* **WHAT NEEDS TO BE DONE**
Please reproduce all the records exactly while leaving out their pictures.

= = =

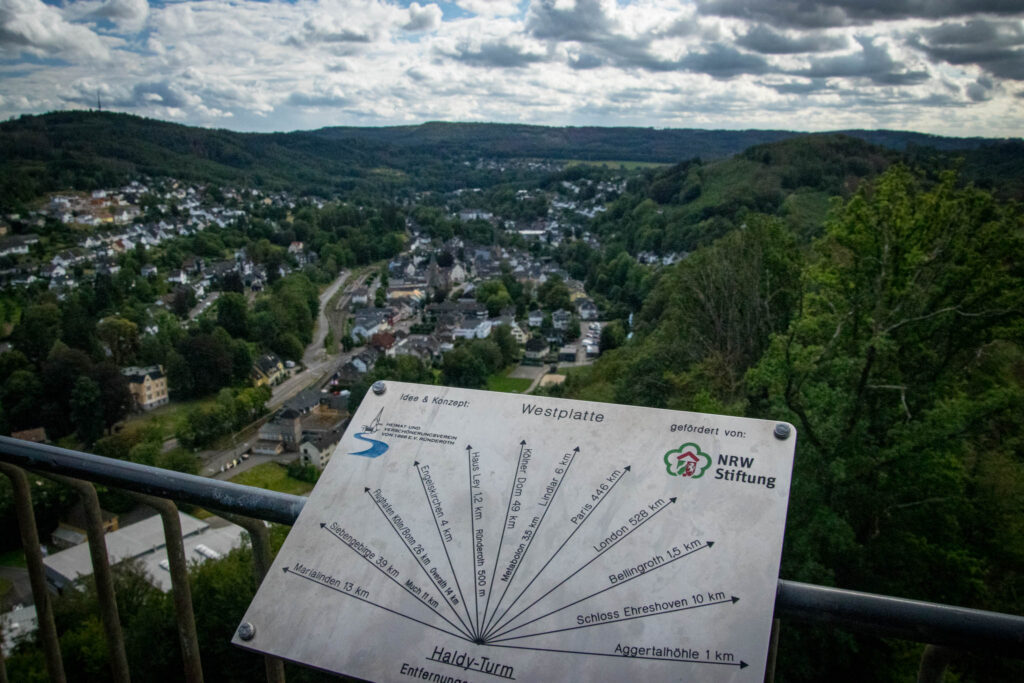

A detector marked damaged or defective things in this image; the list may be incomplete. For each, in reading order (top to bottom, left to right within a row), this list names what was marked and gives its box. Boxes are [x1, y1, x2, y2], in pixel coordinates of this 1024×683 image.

rusty metal post [0, 464, 65, 683]
rusty metal post [46, 475, 130, 683]
rusty metal post [124, 493, 202, 679]
rusty metal post [218, 511, 286, 683]
rusty metal post [917, 643, 954, 679]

= = =

* **ANSWER TO THIS PROBLEM**
A detector marked damaged or defective things in this image; the list may be incomplete. For each, in reading order (top to bottom, left to right within a row), this list names what was marked and gives its box. Boxes are [x1, y1, x2, y2], in pixel coordinates of this 1024×683 image.

rusty metal post [0, 464, 65, 683]
rusty metal post [46, 475, 130, 683]
rusty metal post [124, 493, 202, 679]
rusty metal post [218, 511, 286, 683]
rusty metal post [917, 643, 954, 679]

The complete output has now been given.